Sospecho que así fue como hizo florecer sus libros autoformato (2006), Siempre te creíste la Virginia Woolf (2011), Hija ilegal: De Bolaño a Nicanor (2009), Todos piensan que soy un faquir (2013) y EME / A: La tristeza de la no historia (2010), su novela inmediatamente anterior.

Siempre he pensado que apenas googlea “amor”, Claudia se convierte en Sylvia Plath, en Ted Hughes. Y entonces lo que se derrama de su cráneo es un banquete vanguardista de verso corto y aliento largo. Un texto fabricado con desquiciada omnipotencia y especialmente plausible en el rush final de este libro: la condensación de un erotismo descarnado, fragmentado, intertextual y subversivo.

El diario escrito por un príncipe sin tiempo y sin máscara a una princesa que sabe que antes fue rana.
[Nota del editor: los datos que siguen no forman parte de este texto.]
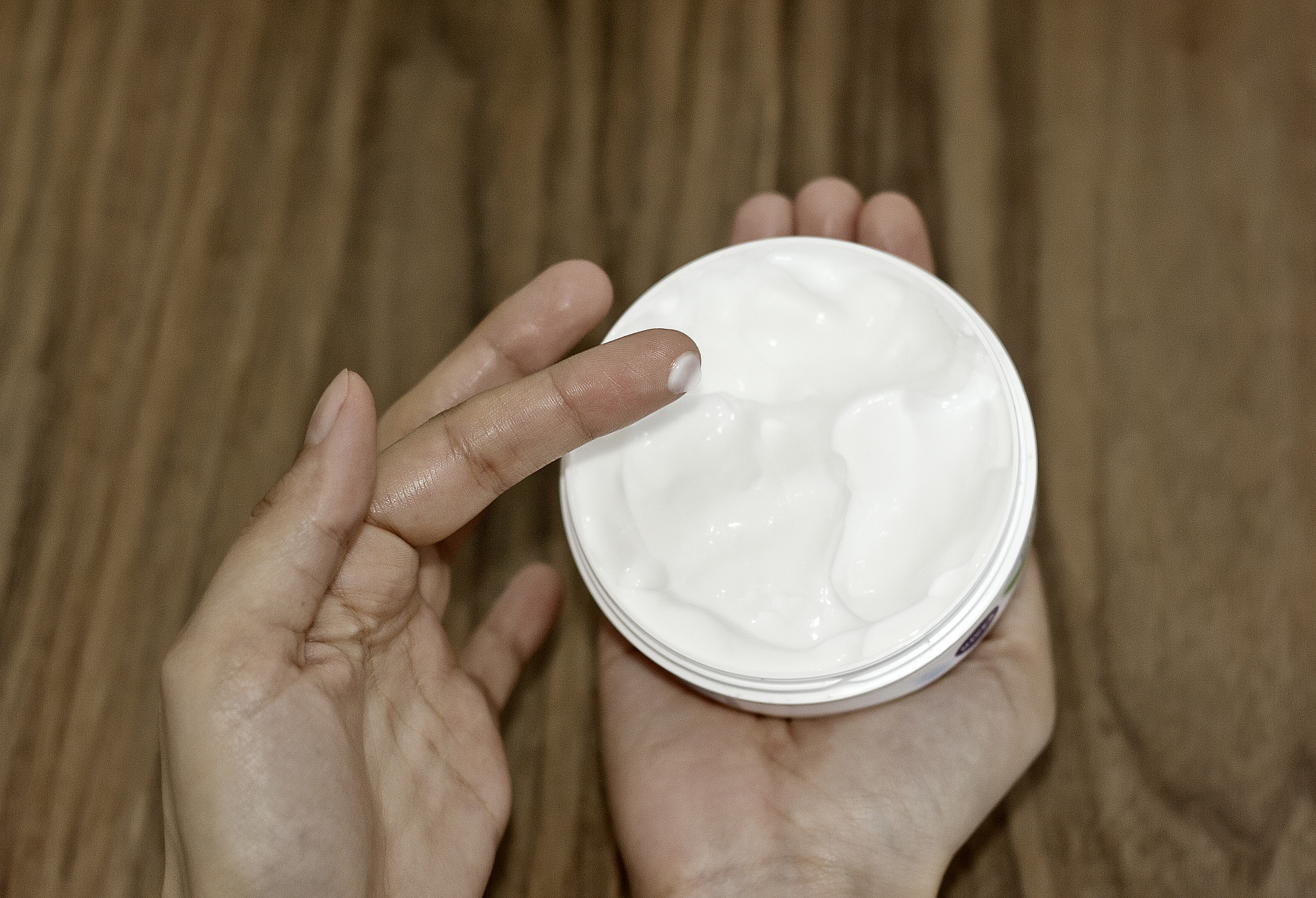 面霜变硬怎么办？高温后修复方法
Que le devolverá el zapato que encontró en la escalera. Que le quitará la manzana envenenada de la boca. Que luego le dirá: mi amor. Y sentirá un poco de asco por eso. Pero que finalmente le dará un beso en los labios y le hará el amor con una pastilla post coital sobre la almohada.

Una princesa para quien la búsqueda del amor verdadero es una obsesión que la tensa y nos tensa en su placentera destrucción. Una heroína que vive con la sangre puesta goteando encima de las cosas. Cuando toca los metales. Cuando escudriña en las miradas y seduce con su verbo en movimiento. Cuando toca el cuerpo amado como se toca un objeto sagrado. Desnuda. Flotando ya sin peso. Envuelta en el aroma de su propia belleza.